Metric gravity theories and cosmology: I. Physical interpretation and viability

Abstract

We critically review some concepts underlying current applications of gravity theories with Lagrangians L = f(gμν, Rαβμν) to cosmology to account for the accelerated expansion of the universe. We argue that one cannot reconstruct the function f from astronomical observations either in cosmology or in the solar system. The Robertson–Walker spacetime is so simple and ‘flexible’ that any cosmic evolution may be fitted by an infinite number of various Lagrangians. We show in the example of Newton's gravity that one cannot recover the correct equation of motion from its approximate solution. Any gravity theory different from general relativity generates a new cosmological theory and all the successes of the standard cosmological model are lost even if a single solution of the theory well fits the observations. Prior to application of a given gravity theory to cosmology or elsewhere it is necessary to establish its physical contents and viability.
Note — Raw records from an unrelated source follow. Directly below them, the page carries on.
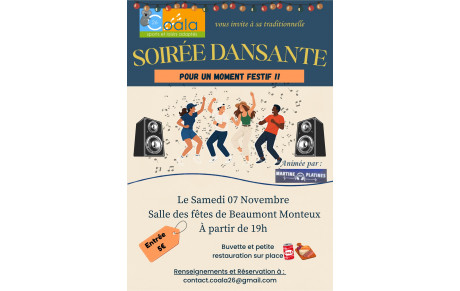 Soirée Dansante !!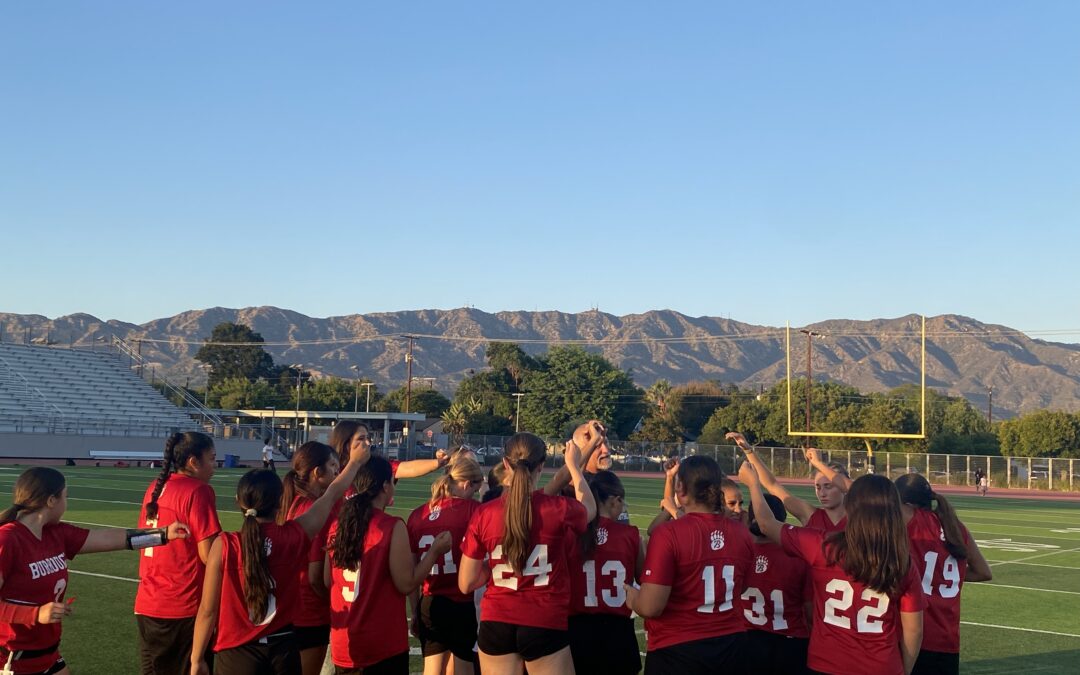 Burroughs shuts out Temple City 19-0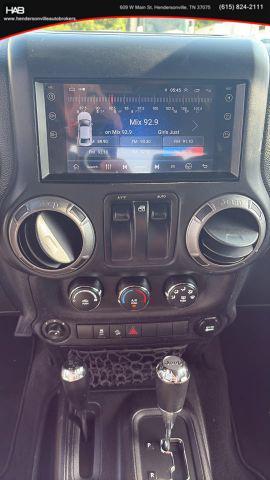used 2015 Jeep Wrangler car, priced at $15,885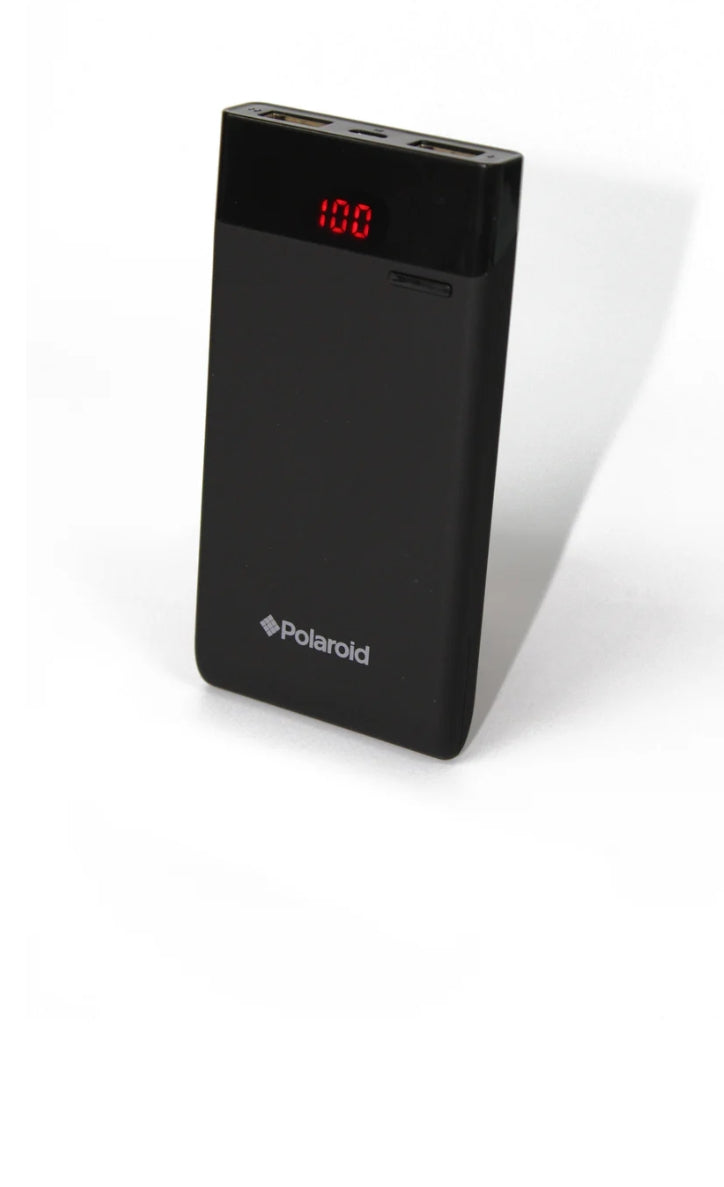 Polaroid 6000mAh External Dual USB Power Pack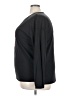 Way to Celebrate! Hearts Black Long Sleeve Top Size 22 - photo 5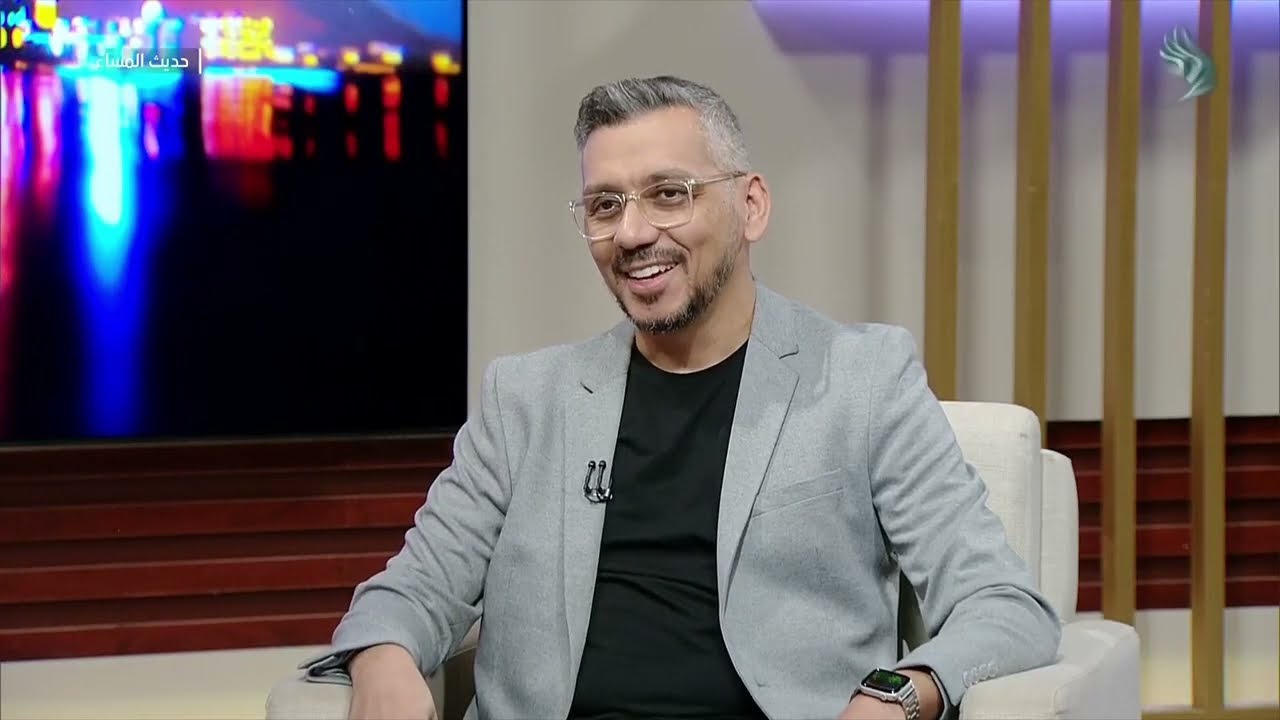 لقاء على قناة الشرقية من كلباء والحديث عن التصوير الفوتوغرافي. ضمن برنامج حديث المساء
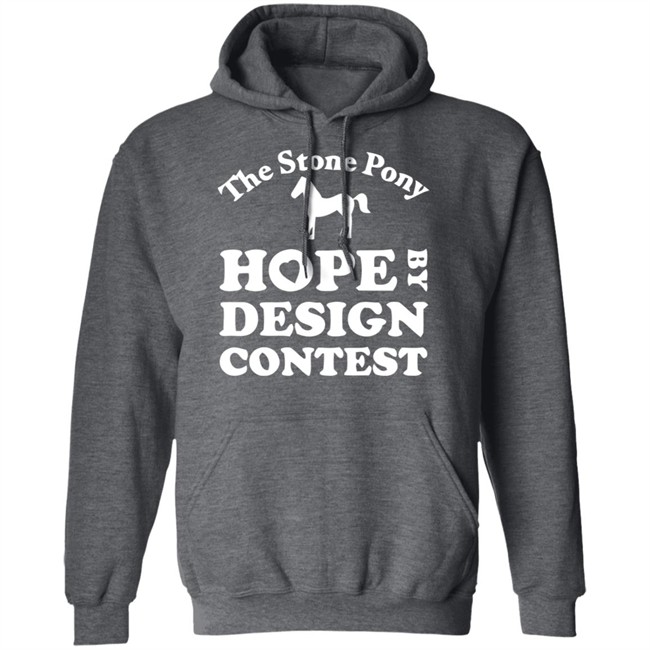 The Stony Pony Hope By Design Contest Black Shirt The Stony Pony Hope By Design Contest Black Shirt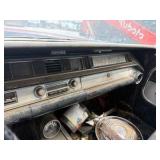 1964 Oldsmobile Starfire 2-door hardtop, TACH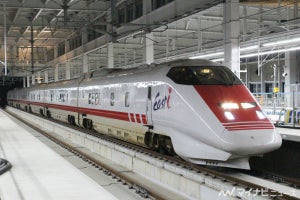 JR東日本「East i」に「残雪検知システム」新幹線の雪対策にAI活用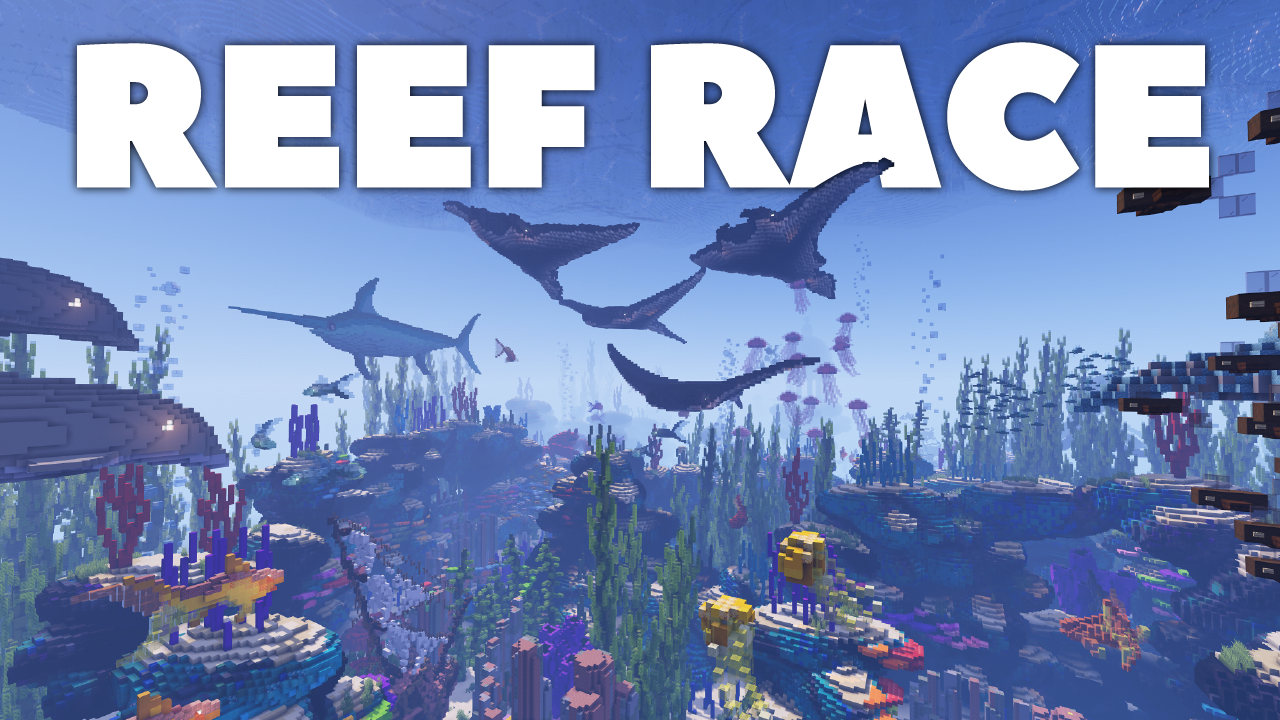 Herunterladen Reef Race 1.0 zum Minecraft 1.19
This study may be performed by a universal method of Legendre transforming the initial Lagrangian in a Helmholtz Lagrangian. In this formalism, Lagrange equations of motion are of second order and are the Einstein field equations with additional massive spin-0 and spin-2 fields. All the gravity theories differ only by a form of interaction terms of the two fields and the metric. Initial conditions for the two fields in the gravitational triplet depend on which frame (i.e., the set of dynamical variables) is physical (i.e. matter is minimally coupled in it). This fact and the multiplicity of possible frames obstruct confrontation of solutions to equations of motion with the observational data. A fundamental and easily applicable criterion of viability of any gravity theory is the existence of a stable ground state solution being either Minkowski, de Sitter or anti-de Sitter space. Stability of the ground state is independent of which frame is physical.